His portrait, entitled 'The Story of Balaclava told by one of the survivors (Thomas Allison)', was painted by Julia Beatrice Matthews (1862–1948) and was exhibited at the Royal Society of British Artists in 1894. The artist lived with her family in Richmond since at least 1881, exhibited from 1893 and later moved to Newlyn after her marriage.

==Personal life==
He married Sarah Wilton (b c1814, Isleworth) on 16 December 1856 at Hounslow Parish Church. The 11th had returned from Crimea in June that year. They were both residing in Hounslow at the time, possibly at the Cavalry Barracks, Hounslow. The regiment was then based in Canterbury but moved to Hounslow in March 1857. His wife died September 1892 and was buried in Richmond Old Burial Ground.
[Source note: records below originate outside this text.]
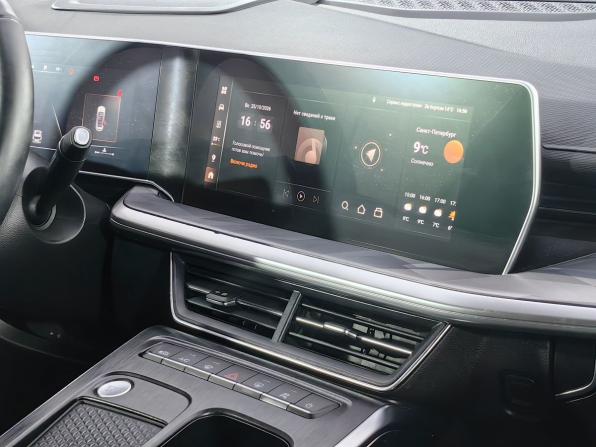 Haval F7 II с пробегом 2025 года, цена 2 729 000 рублей, 22000 км, внедорожник, Автокод Объявления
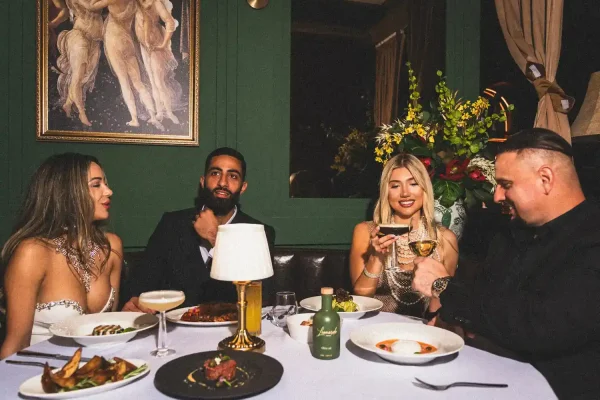 Leonardo Miami Table Reservation
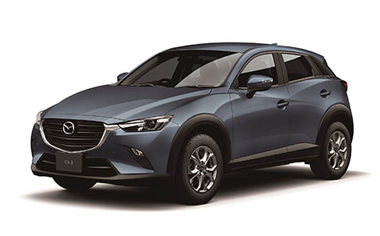 マツダ CX-3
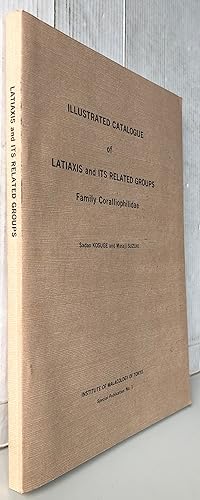 Illustrated catalogue of Latiaxis and its related groups Family Coralliophilidae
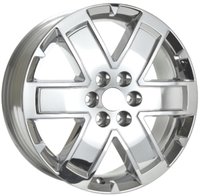 OW-MC3S6V OEM Factory Wheel 20" 6x132.0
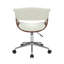 Chaise de bureau Aderholt-1261016345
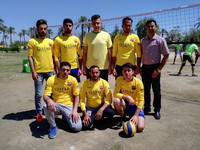 بطولة كأس السيد رئيس الجامعة للكرة الطائرة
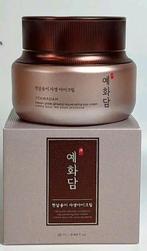 Nieuwe Yehwadam Heaven Grade Ginseng Rejuvenating Cream., Ophalen of Verzenden, Nieuw, Gehele gezicht, Verzorging
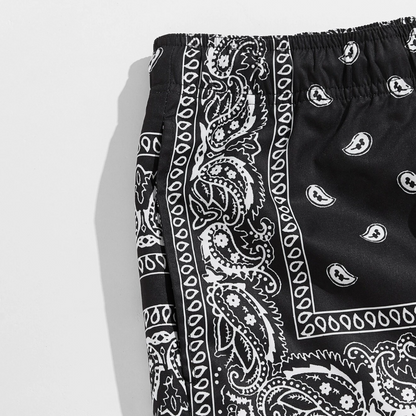 All Things Paisley 3 Shorts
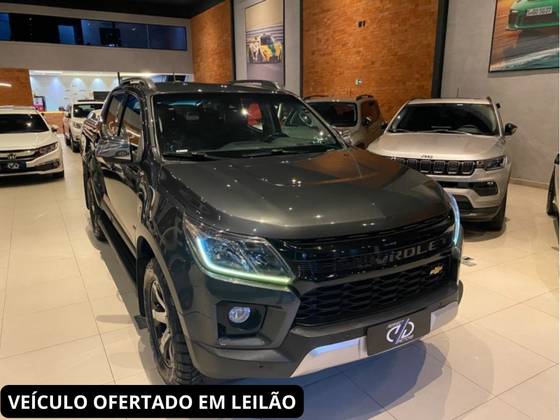 CHEVROLET S10 2.8 16V TURBO DIESEL HIGH COUNTRY CD 4X4 AUTOMÁTICO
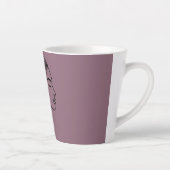 Latte Tasse (Droite)
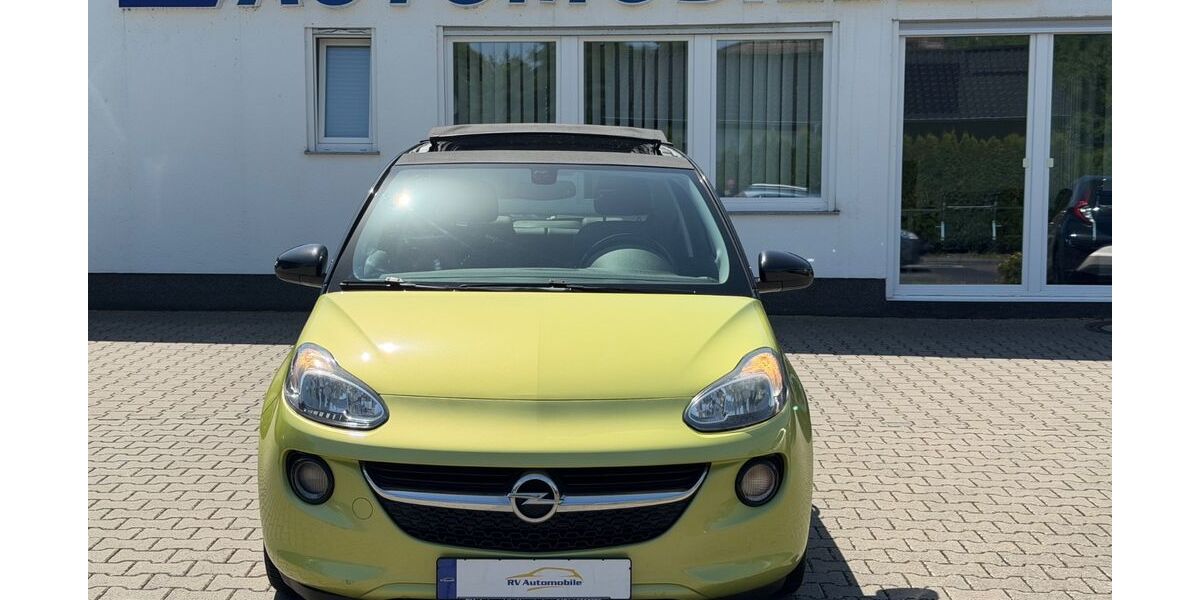 Opel Adam 114.000 km 5.999 &euro; Neuwied 56567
Allistone died from the 'decay of old age' on 27 October 1896, at Hickey's Almshouses; Charlotte Durham, his niece, was present and registered his death.

==Funeral==
The funeral service took place at Hickey's Almshouses chapel attended by the inmates. His coffin was then given a military funeral and carried by six members of the Scots Greys from Hounslow and placed on a gun-carriage, covered with the Union Jack, his medals and wreaths. The funeral was attended by Sir Charles and Lady Rugge-Price; he was Deputy Lieutenant for Surrey and a Justice of the Peace. Allistone was buried in a common grave in Richmond Cemetery.